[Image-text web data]
☆ ☆ ☆
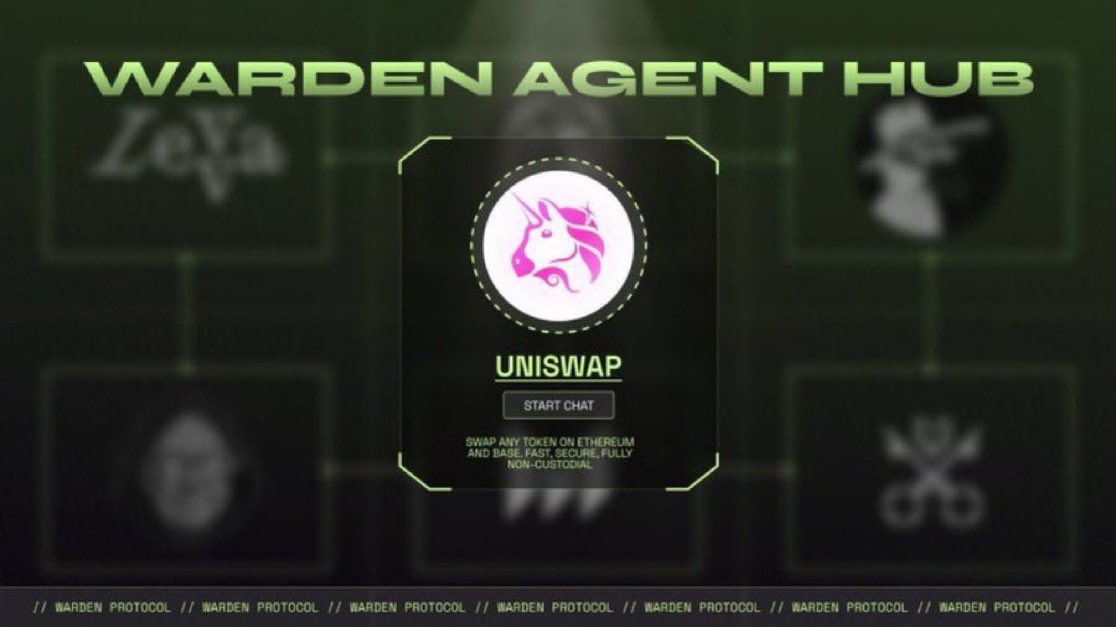 CAPITAL__DC's tweet image. AI Agent is now active on @wardenprotocol, integrating the Uniswap Trading API for seamless EVM swaps.
This Agent manages:
- Intelligent routing
- Gas efficiency
- Single-command execution (click-free)
Easily swap thousands of tokens with speed and minimal friction.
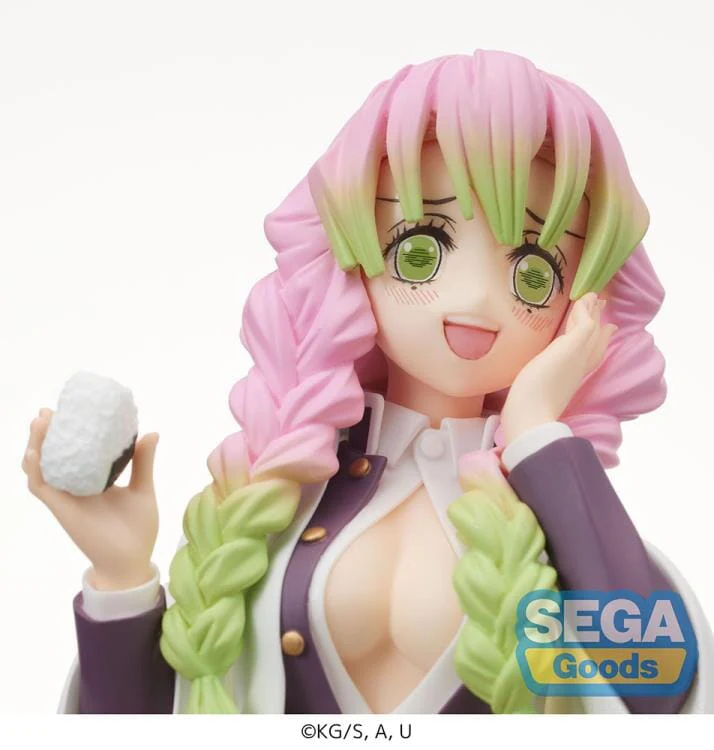 Demon Slayer Kimetsu no Yaiba Mitsuri Kanroji Premium Perching Figure - Image 6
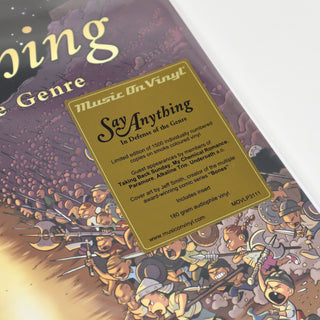 Say Anything: In Defense Of The Genre (Music On Vinyl 180g, Colored Vinyl) Vinyl 2LP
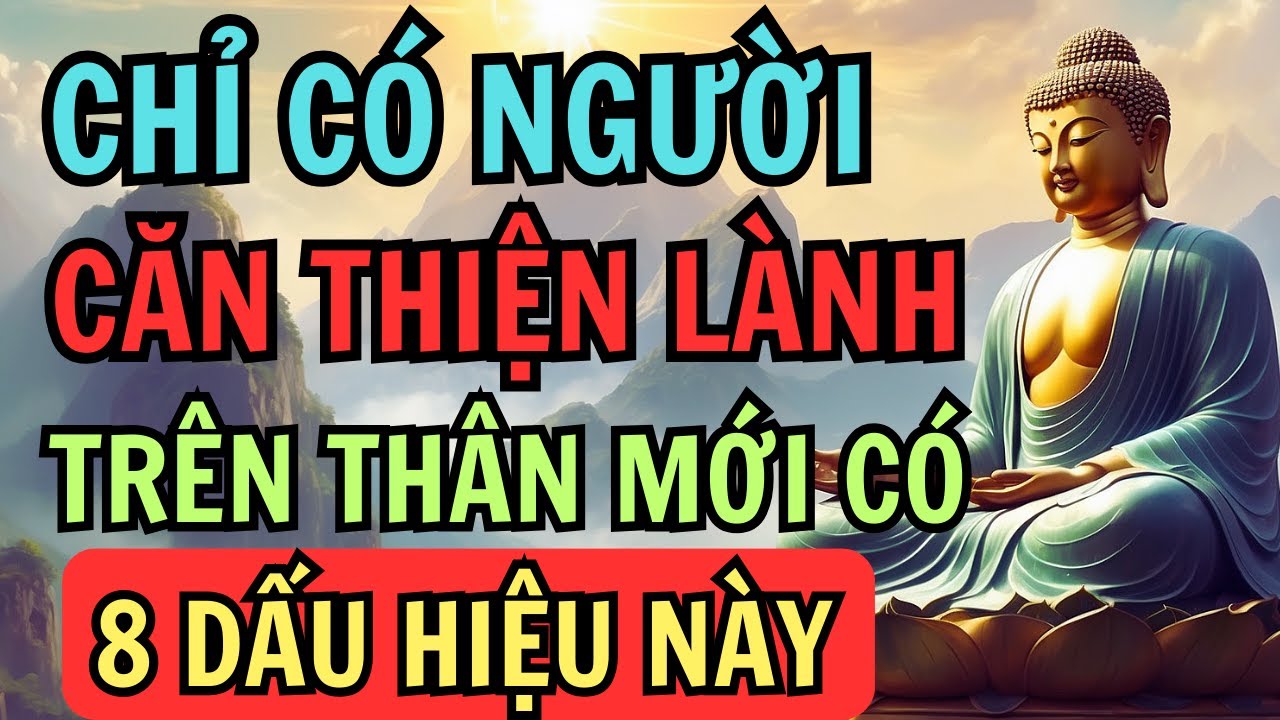 8 Dấu Hiệu Trên Khuôn Mặt Cho Thấy Bạn Là Người Có Căn Lành, Được Phật Che Chở Hộ Trì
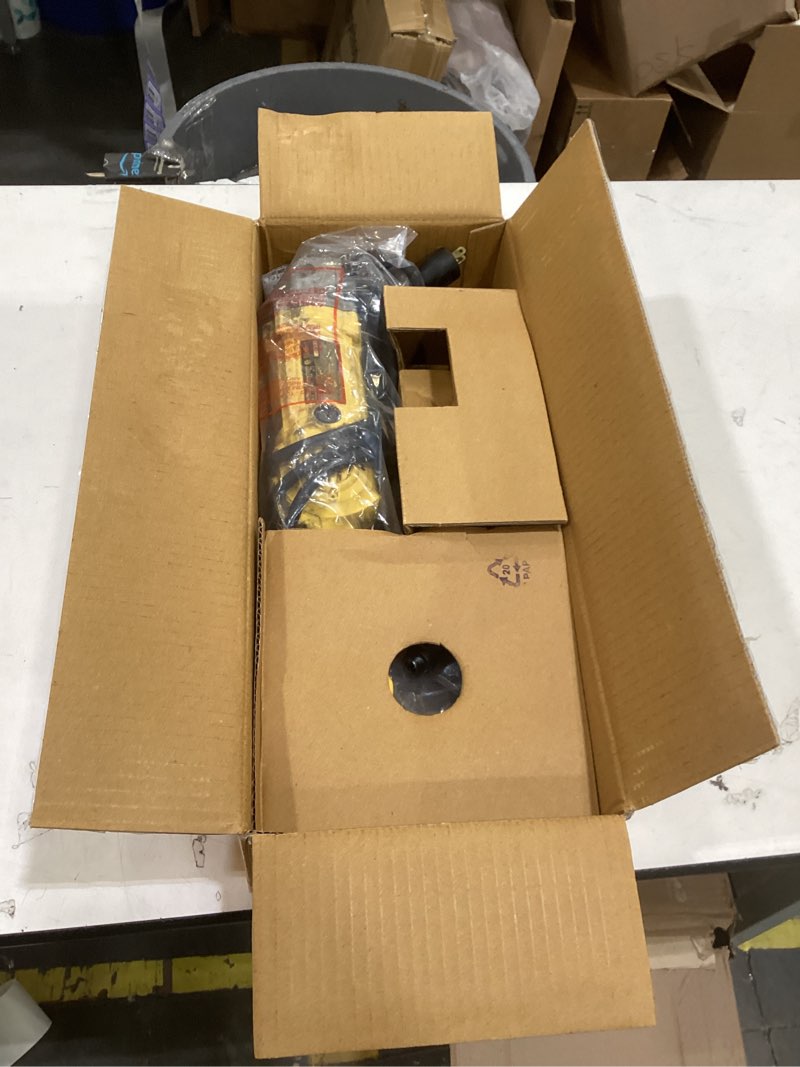 Condition photo showing Good Condition for dewalt buffer polisher, 7-in-9-in, 12 amp, variable speed dial 0-3,500 rpm’s, soft start corded car buffer (dwp849x)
☆ ☆ ☆
**What the task requires**
No pictures go in the copy. Retype exactly the lines from the one with "8 Dấu Hiệu Trên" through the last line of the entries above, both included, and nothing more.

**Task solution**
 8 Dấu Hiệu Trên Khuôn Mặt Cho Thấy Bạn Là Người Có Căn Lành, Được Phật Che Chở Hộ Trì
 Condition photo showing Good Condition for dewalt buffer polisher, 7-in-9-in, 12 amp, variable speed dial 0-3,500 rpm’s, soft start corded car buffer (dwp849x)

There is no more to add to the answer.